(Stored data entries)
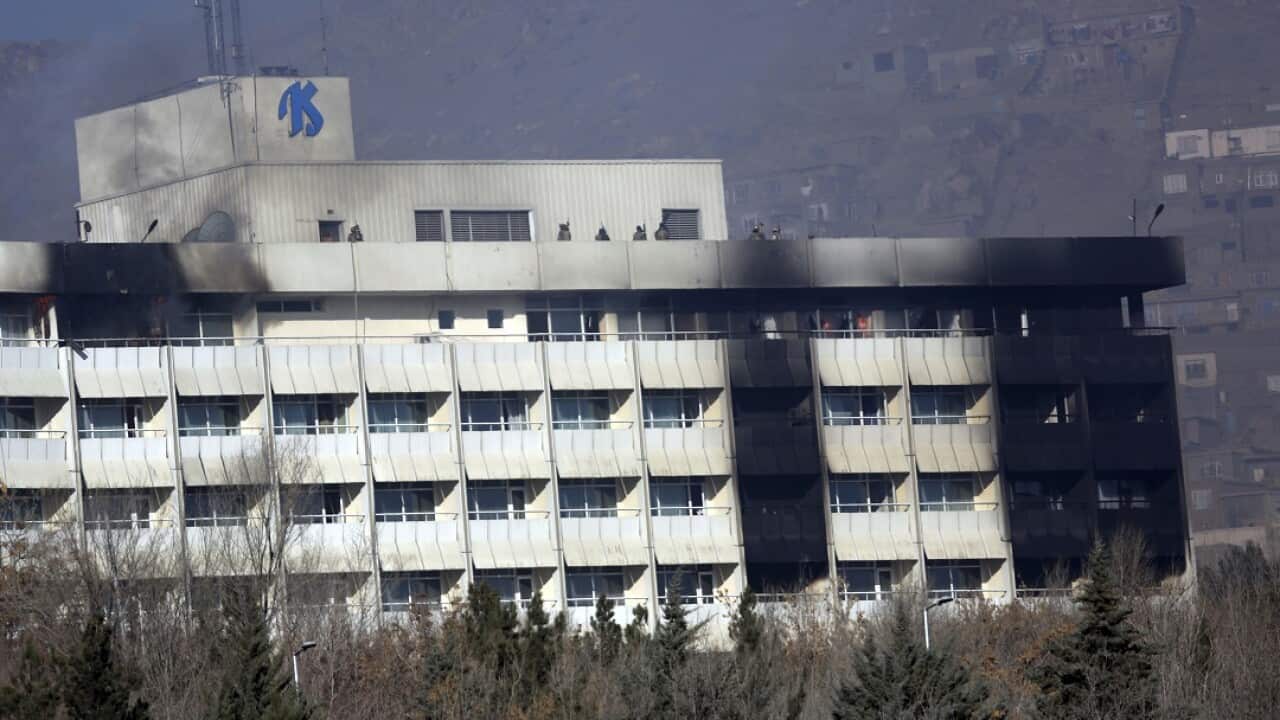 Afghan security personnel are seen at the roof of Intercontinental Hotel after an attack in Kabul, Afghanistan, 21 January, 2018.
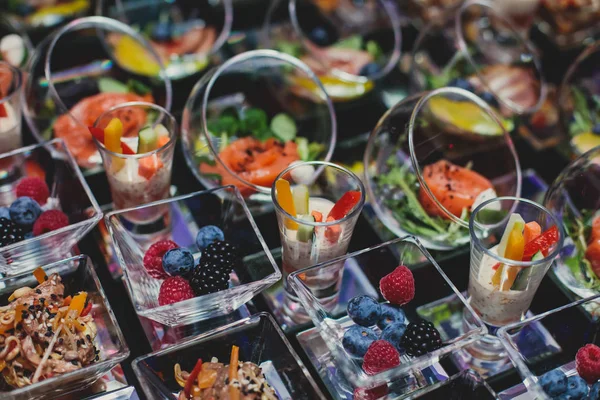 Beautifully decorated catering banquet table with different food snacks and appetizers on corporate christmas birthday party event or wedding celebration, different vegan vegetarian snacks — 스톡 사진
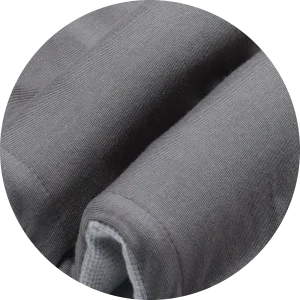 A close-up circular view of a folded gray towel or blanket showing both its soft plush texture and a lighter gray mesh-like underside.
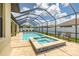 Inviting pool and spa with screened enclosure, surrounded by a tiled patio at 3503 Gaviota Dr, Sun City Center, FL 33573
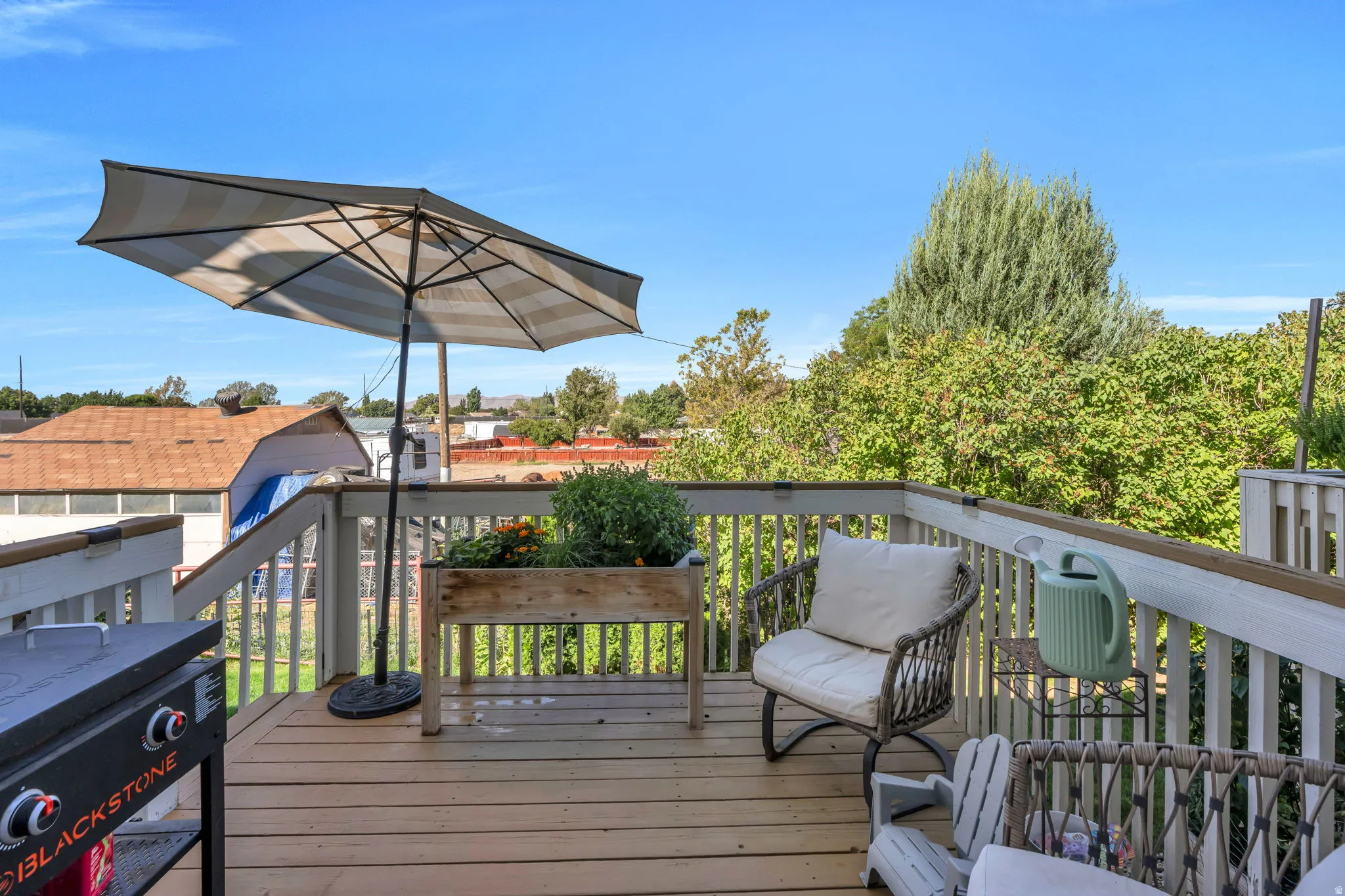 Expansive outdoor deck featuring wood-finish flooring and white railings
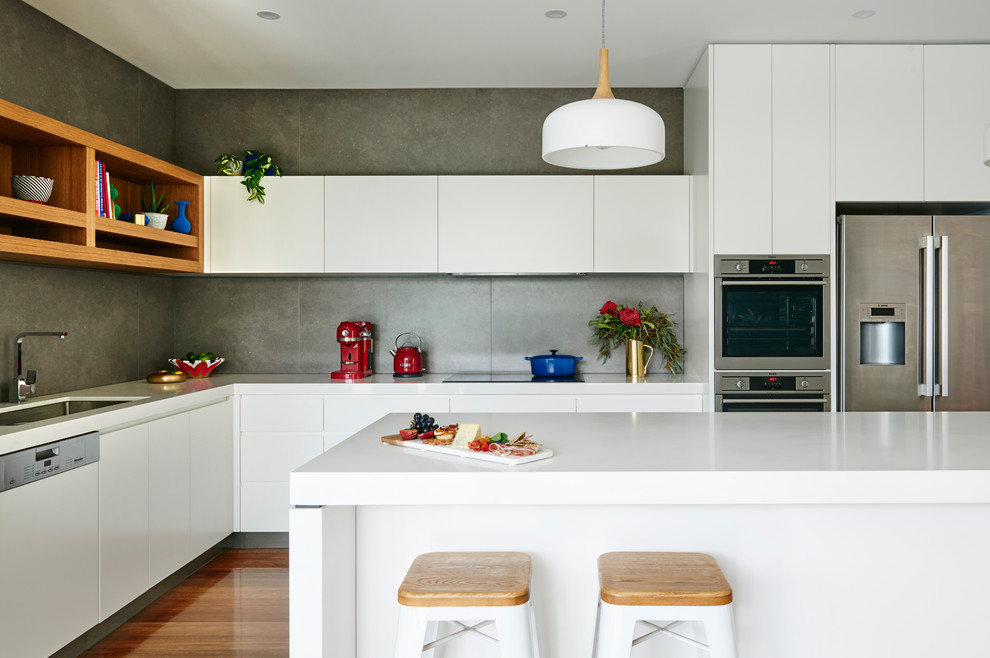 Idéer för ett modernt kök, med en undermonterad diskho, släta luckor, vita skåp, grått stänkskydd, stänkskydd i cementkakel, rostfria vitvaror, mellanmörkt trägolv, en köksö och brunt golv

Exercise directions: From the data above, return exactly the lines from the one with "A close-up circular" up to and including the one with "Expansive outdoor deck". Pictures do not go in the copy.

Written solution:
 A close-up circular view of a folded gray towel or blanket showing both its soft plush texture and a lighter gray mesh-like underside.
 Inviting pool and spa with screened enclosure, surrounded by a tiled patio at 3503 Gaviota Dr, Sun City Center, FL 33573
 Expansive outdoor deck featuring wood-finish flooring and white railings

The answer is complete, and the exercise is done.